I went to the Parkway Theater last night to watch the premiere of Black Snake Killaz. The documentary had its uplifting moments, but was a reminded that the deck is stacked against water protectors. Treaty rights don’t matter. A lack of adequate environmental review didn’t matter. The government could use military weapons. concussion grenades, mack and more and call the water protectors terrorists. A para-military private security firm was allowed to operate against the water protectors and influence law enforcement’s response, and did so without a license to operate in the state.
I checked my email when I got home and read a news update from MPR, another “stacked deck” story about water protectors.

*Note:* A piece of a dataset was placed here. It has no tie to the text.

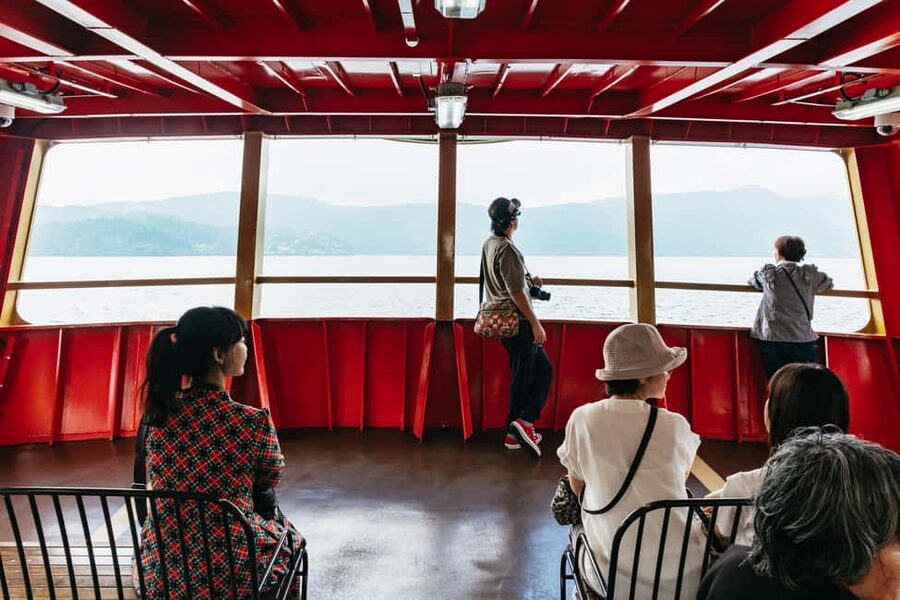 Tokyo: Mt. Fuji, Kamakura, Big Buddha, & Lake Ashi Day Trip - Oshino Hakkai and its clear spring ponds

It requires that I also run a correction to the post I wrote Thursday: Keystone Spills 200,000 Gallons of Tar Sands Crude, Could Affect Keystone XL Vote Monday. It discussed how the timing of a big spill on the Keystone Pipeline could affect a key vote on its sibling project, Keystone XL. The Nebraska Public Services Commission is scheduled to take a final vote on Keystone XL Monday.

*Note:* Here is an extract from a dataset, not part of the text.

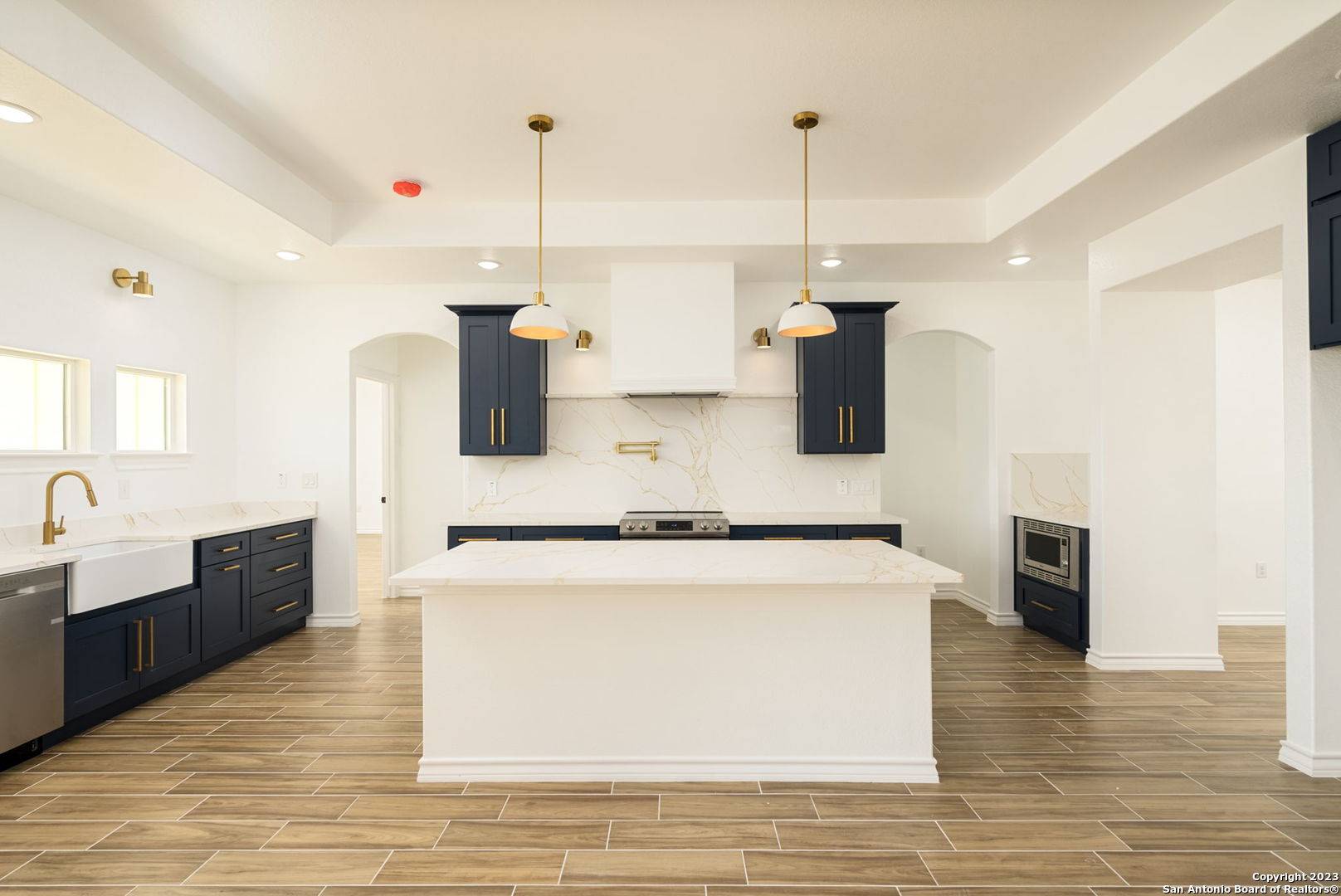 Atascosa, TX 78207,141 Flor del Sol St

Yes the leak happened, but no, it won’t affect the vote, according to the MPR story: Keystone pipeline leak won’t affect Nebraska ruling on expansion. State law “does not allow pipeline safety to be a factor in their decision,” the story said.
Nebraska lawmakers gave the five-member commission the power to regulate major oil pipelines in 2011 in response to a public outcry over the pipeline and its potential impact on the Sandhills, an ecologically fragile region of grass-covered sand dunes.
But when they passed the law, legislators argued that pipeline safety is a federal responsibility and should not factor in the state decision.
The law makes no sense and is one more example of a rigged system.